Failing at CTG interpretation

The CTG is on and a recording is being generated. Decisions will soon be made and actions taken. In between these two is the act of CTG interpretation. If good decisions are to inform appropriate action, then CTG interpretation needs to be accurate. So, how good are clinicians at CTG interpretation?

Researchers have looked at this question. I’ve posted some of this research before (here). Engelhart and colleagues (2023) have recently published a superb and comprehensive review of all the published research (49 articles in total) about the reliability of CTG interpretation.

There are two mains ways researchers have used to look at the accuracy of CTG interpretation. The first and most commonly used approach is called inter-observer (or inter-rater) reliability. To measure this you give a set of CTG traces to person A, and the same set to person B. Once they have interpreted the CTGs, you compare their interpretations to see whether they agree with each other or not. Engelhart and colleagues identified studies where in total 577 people assessed 6315 CTG tracings the way.

The other approach is to give a set of traces to person A, wait a while, and then give the same set of traces to person A again. You then compare their first interpretation with their second to see if they are consistent. This is intra-observer (or intra-rater) reliability. Engelhart and colleagues collected studies where at least 123 people (one study didn’t say how many there were) assessed 1170 tracings twice.

What did they find?

The common approach to literature reviewing is to pool all the results from the studies together, reanalyse them, and come up with one set of numbers to describe the findings from them all. This is know as meta-analysis. It works best when the studies are done in very similar ways. That wasn’t the case with this body of research, so they decided not to do this. Instead, they described the range of findings from across the studies.

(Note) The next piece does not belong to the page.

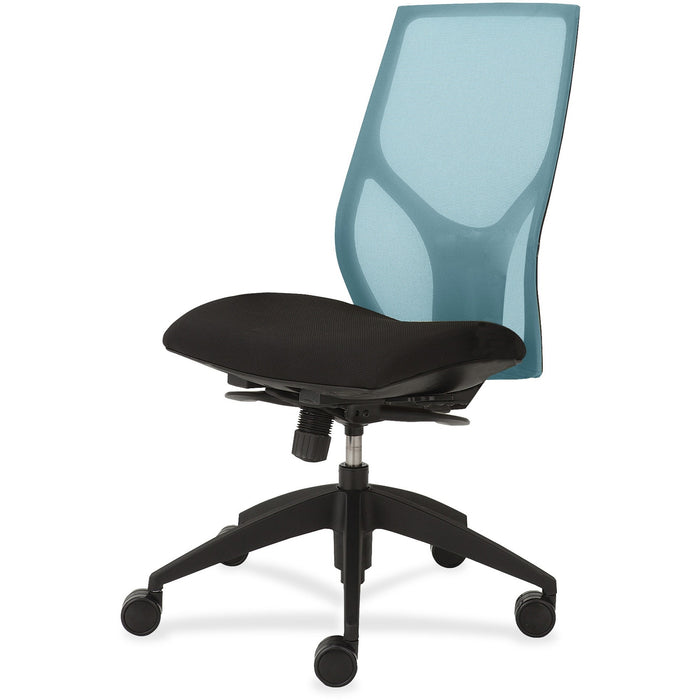 9 to 5 Seating Vault 1460 Armless Task Chair - NTF1460Y300M801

The research examined how accurate raters were when deciding what the baseline was, what the variability of the heart rate was, whether there were accelerations or decelerations present, what type of decelerations were present, along with an overall category for the trace (normal, or some variety of not normal, depending on the terminology set out in the guideline being applied in the research). People were better at agreeing what the baseline was, than they were at agreeing on variability, decelerations, or the overall classification. They were also better at agreeing when they considered the trace to be normal than when the trace was not. The range of agreement (mostly measured using a thing called a kappa coefficient) varied from worse than pulling a choice out of a hat and using that, to near perfect agreement.

Intra-rater agreement was better than inter-rater agreement. This makes intuitive sense. I call that pattern the same thing more or less each time I see it, and you call it the same thing more or less each time you see it, but you and I may not agree on what to call that same heart rate pattern. Research has also looked to see whether experience or profession had an impact on levels of agreement – and there were no clear answers here. Training sessions did increase the level of agreement when before and after studies have been done.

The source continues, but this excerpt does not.